▸ EXERCISE AIM: Each entry should be given again exactly, with any image left out.

Scraped caption text data:
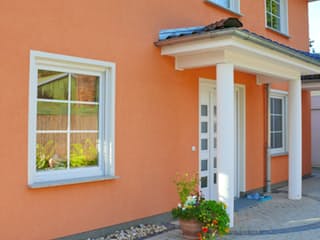 Fertighaus Modell 6.140 von Elbe-Haus, Stadtvilla Außenansicht 2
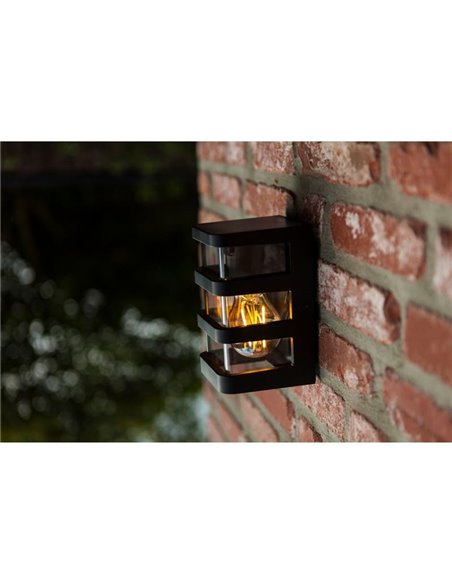 Aplique para exterior DALTON, acabamento preto estilo industrial, E27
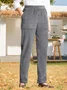 Women's Trousers Daily Going Out Casual Fluff/Granular Fleece Fabric Plain Spring/Fall Pants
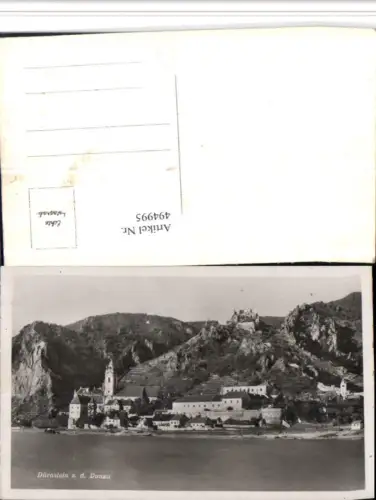 ,Dürnstein an d. Donau Totale m. Ruine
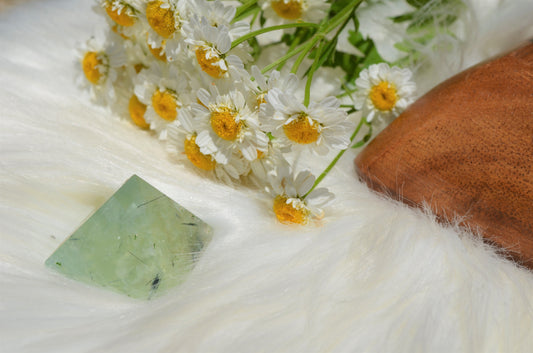 Prehnite Pyramids - Small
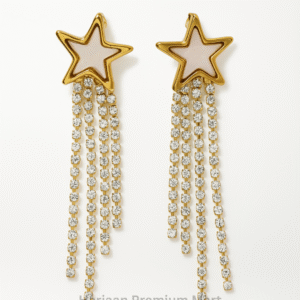Gold Plated Star Stone EarRing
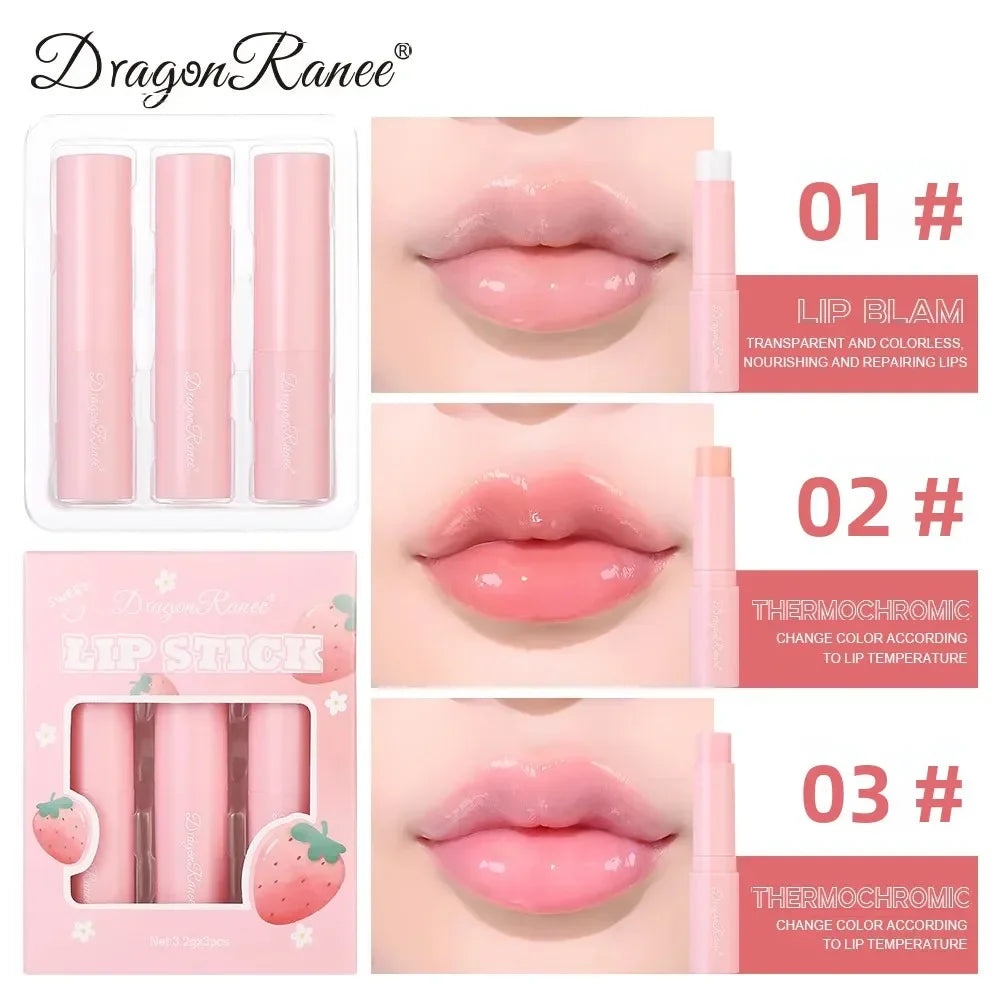 Dragon Ranee Color-Changing Lip Balm 3pc Set | Sleep Mask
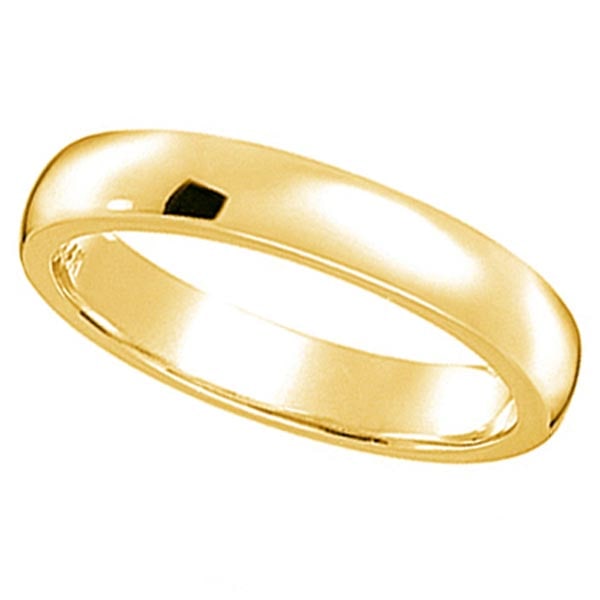 Dome Comfort Fit Wedding Ring Band 14k Yellow Gold 3mm (1 of 1)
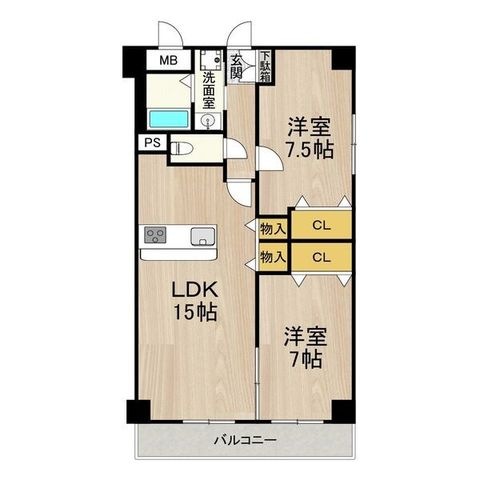 拡大写真:インプルーブ金山 8階807の間取り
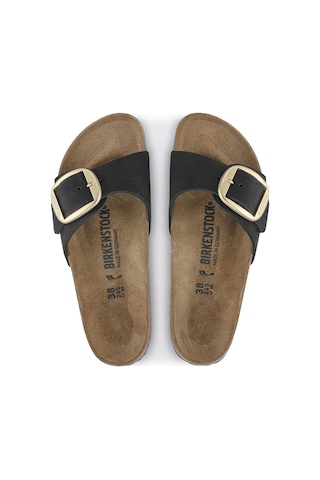Birkenstock Bırkenstock Madrıd Bıg Buckle Lenb Kadın Terlık 1023342 Siyah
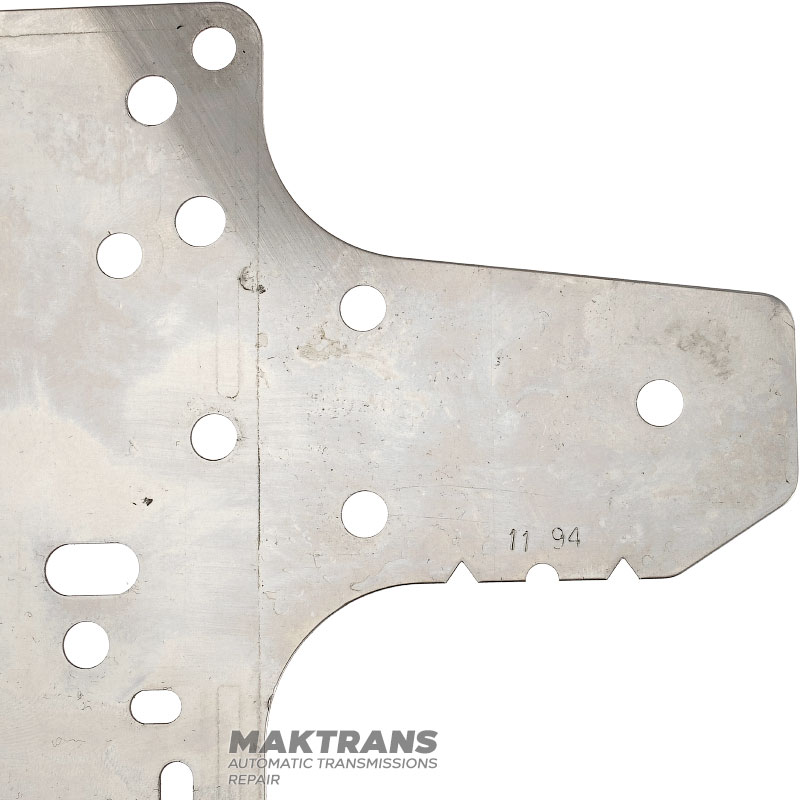 Separator plate of hydraulic unit FORD E4OD, 4R100 — marking 1194 (11 94)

▸ EXPECTED OUTPUT:
 Fertighaus Modell 6.140 von Elbe-Haus, Stadtvilla Außenansicht 2
 Aplique para exterior DALTON, acabamento preto estilo industrial, E27
 Women's Trousers Daily Going Out Casual Fluff/Granular Fleece Fabric Plain Spring/Fall Pants
 ,Dürnstein an d. Donau Totale m. Ruine
 Prehnite Pyramids - Small
Gold Plated Star Stone EarRing
 Dragon Ranee Color-Changing Lip Balm 3pc Set | Sleep Mask
 Dome Comfort Fit Wedding Ring Band 14k Yellow Gold 3mm (1 of 1)
 拡大写真:インプルーブ金山 8階807の間取り
Birkenstock Bırkenstock Madrıd Bıg Buckle Lenb Kadın Terlık 1023342 Siyah
 Separator plate of hydraulic unit FORD E4OD, 4R100 — marking 1194 (11 94)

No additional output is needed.